(Records excerpted from a collection)
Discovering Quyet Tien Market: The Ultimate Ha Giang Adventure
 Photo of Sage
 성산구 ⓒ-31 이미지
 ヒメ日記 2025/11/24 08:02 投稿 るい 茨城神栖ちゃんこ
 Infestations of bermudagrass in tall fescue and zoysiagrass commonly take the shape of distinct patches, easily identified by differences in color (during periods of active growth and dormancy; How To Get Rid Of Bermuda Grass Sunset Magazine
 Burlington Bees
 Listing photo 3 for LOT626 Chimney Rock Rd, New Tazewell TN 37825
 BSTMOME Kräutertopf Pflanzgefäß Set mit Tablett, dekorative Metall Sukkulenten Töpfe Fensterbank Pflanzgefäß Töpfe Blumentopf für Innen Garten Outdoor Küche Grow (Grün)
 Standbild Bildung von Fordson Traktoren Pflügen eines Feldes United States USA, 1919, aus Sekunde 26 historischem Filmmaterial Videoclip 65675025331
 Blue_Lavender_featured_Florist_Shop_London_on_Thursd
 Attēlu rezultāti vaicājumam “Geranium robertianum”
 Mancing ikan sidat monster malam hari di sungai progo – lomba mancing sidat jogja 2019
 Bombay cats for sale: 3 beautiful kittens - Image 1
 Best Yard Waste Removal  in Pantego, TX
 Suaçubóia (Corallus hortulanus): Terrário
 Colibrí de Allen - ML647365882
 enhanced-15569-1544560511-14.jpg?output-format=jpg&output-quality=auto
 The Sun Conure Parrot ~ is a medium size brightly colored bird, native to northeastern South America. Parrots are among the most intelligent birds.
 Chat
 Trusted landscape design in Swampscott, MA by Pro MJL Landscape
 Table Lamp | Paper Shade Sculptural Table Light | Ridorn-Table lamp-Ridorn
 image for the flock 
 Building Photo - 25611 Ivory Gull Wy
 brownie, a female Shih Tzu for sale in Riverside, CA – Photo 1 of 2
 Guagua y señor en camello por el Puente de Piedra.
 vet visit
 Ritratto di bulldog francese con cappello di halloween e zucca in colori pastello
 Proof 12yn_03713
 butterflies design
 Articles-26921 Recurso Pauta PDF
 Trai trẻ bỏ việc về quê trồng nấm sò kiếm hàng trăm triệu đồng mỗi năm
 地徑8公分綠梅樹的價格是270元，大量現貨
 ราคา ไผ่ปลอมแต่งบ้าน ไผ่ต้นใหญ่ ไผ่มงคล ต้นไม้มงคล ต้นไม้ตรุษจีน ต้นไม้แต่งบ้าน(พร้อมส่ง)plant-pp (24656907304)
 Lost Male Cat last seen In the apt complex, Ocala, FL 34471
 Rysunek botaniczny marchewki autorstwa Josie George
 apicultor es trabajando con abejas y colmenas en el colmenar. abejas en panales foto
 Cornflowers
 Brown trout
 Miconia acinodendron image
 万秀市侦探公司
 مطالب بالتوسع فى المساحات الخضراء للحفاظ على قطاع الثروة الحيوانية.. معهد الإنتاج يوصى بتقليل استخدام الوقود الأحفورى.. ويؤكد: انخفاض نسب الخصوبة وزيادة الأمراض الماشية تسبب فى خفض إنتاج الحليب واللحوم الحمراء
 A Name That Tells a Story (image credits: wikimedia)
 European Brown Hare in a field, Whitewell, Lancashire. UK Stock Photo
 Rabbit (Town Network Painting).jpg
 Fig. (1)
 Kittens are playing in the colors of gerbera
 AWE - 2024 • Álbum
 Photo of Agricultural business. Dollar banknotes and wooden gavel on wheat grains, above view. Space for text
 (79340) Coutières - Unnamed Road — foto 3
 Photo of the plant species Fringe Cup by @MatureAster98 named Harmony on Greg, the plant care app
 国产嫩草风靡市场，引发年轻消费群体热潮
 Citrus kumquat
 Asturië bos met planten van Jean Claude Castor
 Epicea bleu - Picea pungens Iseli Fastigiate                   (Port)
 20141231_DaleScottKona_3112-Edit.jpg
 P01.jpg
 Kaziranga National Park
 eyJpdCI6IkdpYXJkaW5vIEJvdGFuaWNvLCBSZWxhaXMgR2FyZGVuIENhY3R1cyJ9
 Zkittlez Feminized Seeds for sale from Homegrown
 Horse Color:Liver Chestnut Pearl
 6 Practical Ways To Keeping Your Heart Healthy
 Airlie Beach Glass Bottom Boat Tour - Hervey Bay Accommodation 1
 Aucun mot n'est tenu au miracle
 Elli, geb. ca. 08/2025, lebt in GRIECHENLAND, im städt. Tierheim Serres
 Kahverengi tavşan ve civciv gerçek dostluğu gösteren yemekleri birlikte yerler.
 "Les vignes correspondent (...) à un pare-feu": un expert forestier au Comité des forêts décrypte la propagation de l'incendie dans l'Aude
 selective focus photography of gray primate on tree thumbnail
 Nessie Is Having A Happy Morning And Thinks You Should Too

§ Activity
Reproduce exactly the lines above from the line with "Guagua y señor" to the line with "Kaziranga National Park", including both, and add nothing.

§ Result
 Guagua y señor en camello por el Puente de Piedra.
 vet visit
 Ritratto di bulldog francese con cappello di halloween e zucca in colori pastello
 Proof 12yn_03713
 butterflies design
 Articles-26921 Recurso Pauta PDF
 Trai trẻ bỏ việc về quê trồng nấm sò kiếm hàng trăm triệu đồng mỗi năm
 地徑8公分綠梅樹的價格是270元，大量現貨
 ราคา ไผ่ปลอมแต่งบ้าน ไผ่ต้นใหญ่ ไผ่มงคล ต้นไม้มงคล ต้นไม้ตรุษจีน ต้นไม้แต่งบ้าน(พร้อมส่ง)plant-pp (24656907304)
 Lost Male Cat last seen In the apt complex, Ocala, FL 34471
 Rysunek botaniczny marchewki autorstwa Josie George
 apicultor es trabajando con abejas y colmenas en el colmenar. abejas en panales foto
 Cornflowers
 Brown trout
 Miconia acinodendron image
 万秀市侦探公司
 مطالب بالتوسع فى المساحات الخضراء للحفاظ على قطاع الثروة الحيوانية.. معهد الإنتاج يوصى بتقليل استخدام الوقود الأحفورى.. ويؤكد: انخفاض نسب الخصوبة وزيادة الأمراض الماشية تسبب فى خفض إنتاج الحليب واللحوم الحمراء
 A Name That Tells a Story (image credits: wikimedia)
 European Brown Hare in a field, Whitewell, Lancashire. UK Stock Photo
 Rabbit (Town Network Painting).jpg
 Fig. (1)
 Kittens are playing in the colors of gerbera
 AWE - 2024 • Álbum
 Photo of Agricultural business. Dollar banknotes and wooden gavel on wheat grains, above view. Space for text
 (79340) Coutières - Unnamed Road — foto 3
 Photo of the plant species Fringe Cup by @MatureAster98 named Harmony on Greg, the plant care app
 国产嫩草风靡市场，引发年轻消费群体热潮
 Citrus kumquat
 Asturië bos met planten van Jean Claude Castor
 Epicea bleu - Picea pungens Iseli Fastigiate                   (Port)
 20141231_DaleScottKona_3112-Edit.jpg
 P01.jpg
 Kaziranga National Park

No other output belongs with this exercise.